In summary, Okta’s activity ratios demonstrate an operational pattern characterized by limited inventory holdings, an initial period of extended receivables collection followed by improvement, and prompt settlement of payables. These ratios collectively portray a company with a lean inventory profile, evolving receivables management, and a disciplined approach to accounts payable.
Long-term
Jan 31, 2025 | Jan 31, 2024 | Jan 31, 2023 | Jan 31, 2022 | Jan 31, 2021 | |
---|---|---|---|---|---|
Fixed asset turnover | — | — | 31.49 | 6.09 | 13.31 |
Total asset turnover | 0.28 | 0.25 | 0.20 | 0.14 | 0.25 |
Analysis of Okta Inc.'s long-term activity ratios reveals significant patterns in asset utilization efficiency over the specified periods. The fixed asset turnover ratio, which measures how effectively the company utilizes its fixed assets to generate sales, experienced a notable decline from 13.31 on January 31, 2021, to 6.09 on January 31, 2022. This decline suggests a decrease in fixed asset efficiency during that period, potentially due to increased investments in fixed assets or a temporary reduction in sales productivity. However, from January 31, 2022, to January 31, 2023, the ratio increased substantially to 31.49, indicating a marked improvement in the utilization of fixed assets to generate sales. This peak points to enhanced operational efficiency, possibly driven by strategic asset management, technological improvements, or increased sales effectiveness concerning fixed assets.
The total asset turnover ratio, which assesses the overall efficiency in using total assets to produce revenue, exhibits a more stable trend with gradual changes. It decreased from 0.25 on January 31, 2021, to 0.14 in 2022, reflecting some inefficiencies or increased asset base without proportional sales growth. Subsequently, it rose slightly to 0.20 on January 31, 2023, and continued to improve modestly to 0.25 in 2024 and further to 0.28 projected for 2025. The upward trend in the total asset turnover ratio suggests ongoing improvements in overall asset use efficiency, aligning with incremental growth in sales relative to total assets.

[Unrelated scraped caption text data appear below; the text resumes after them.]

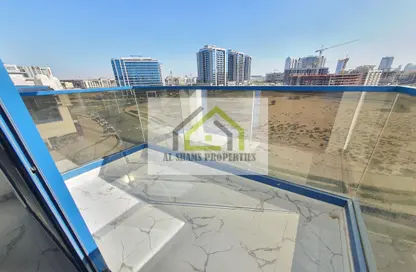 Apartment - 1 Bedroom - 2 Bathrooms for rent in Al Amir Building - Arjan - Dubai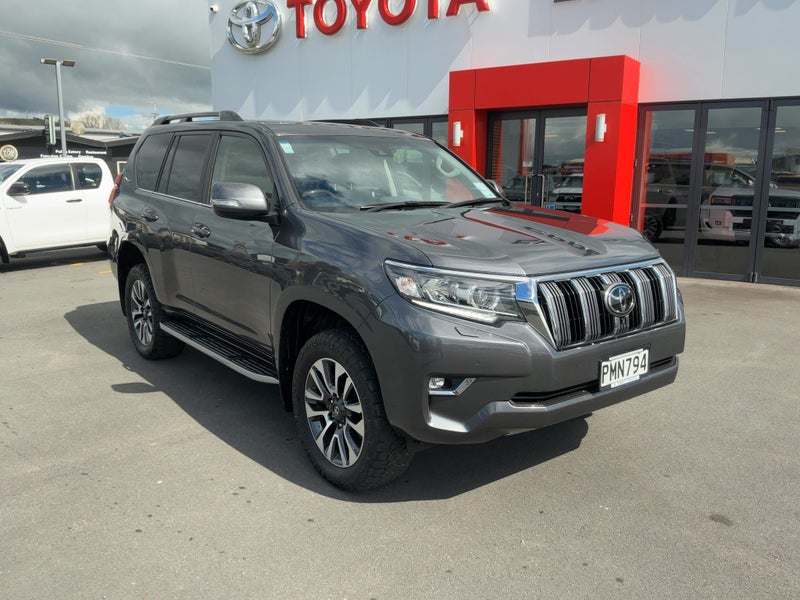 2022 Toyota Land Cruiser Prado VX 2.8D 6AT 4WD...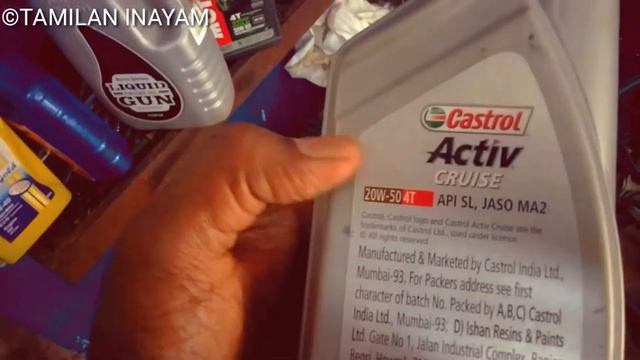 HOW TO CHOOSE BEST ENGINE OIL FOR BIKE AND CAR IN TAMIL|QUALITY ENGINE OIL|USEFUL TIPS & TRICKTAMIL смотреть онлайн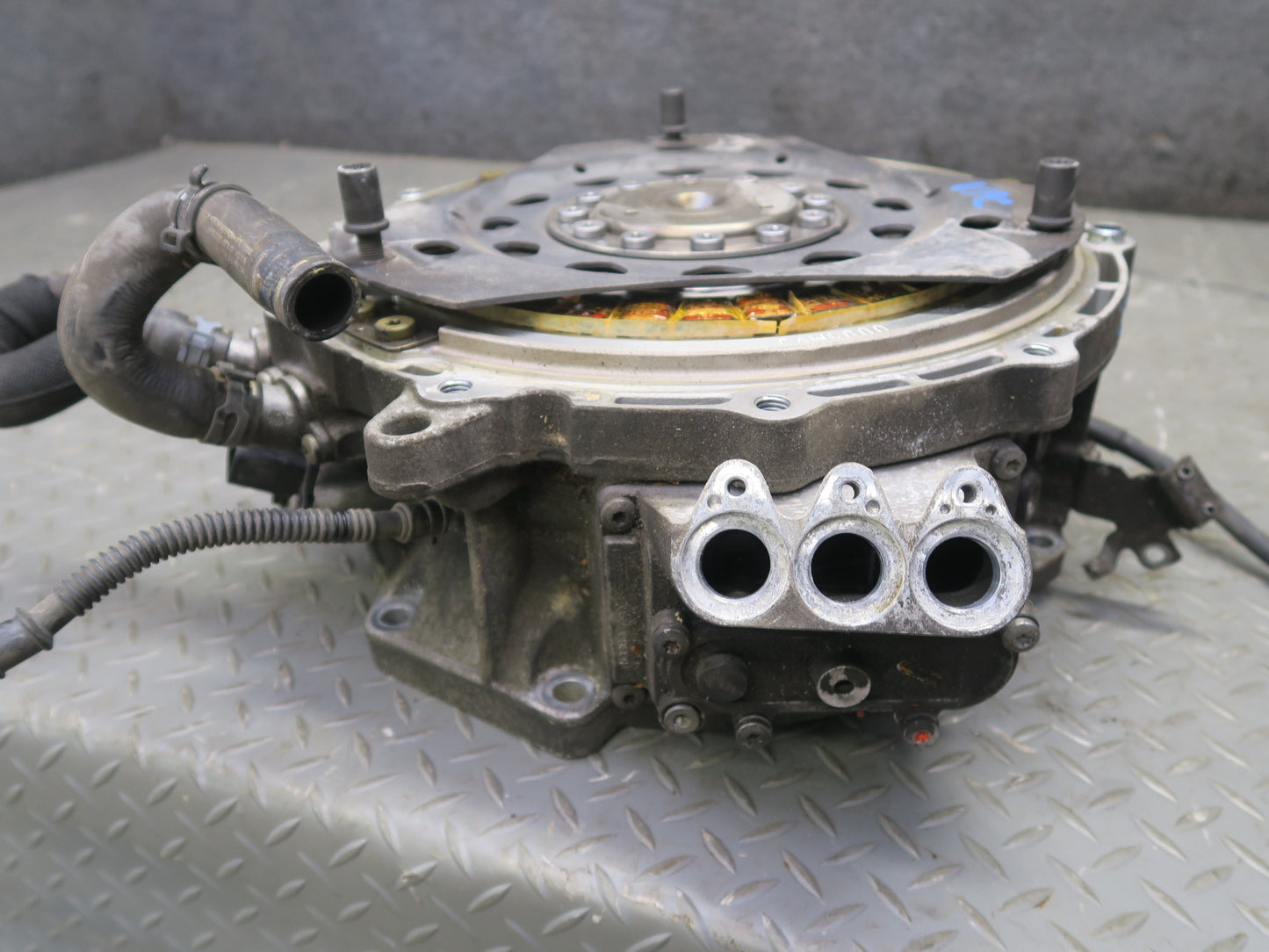 2015-2018 Porsche Cayenne 958 E-hybrid Electric Motor 7P5901152A 127K Miles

Overall, the ratios indicate that Okta Inc. experienced a period of reduced fixed asset utilization efficiency in early 2022, followed by a substantial rebound, while the efficiency of total asset use has shown a steady, gradual enhancement over the observed timeframe. These trends reflect varying dynamics in asset management and operational performance, with recent data suggesting improved asset productivity and more effective deployment of resources to generate sales.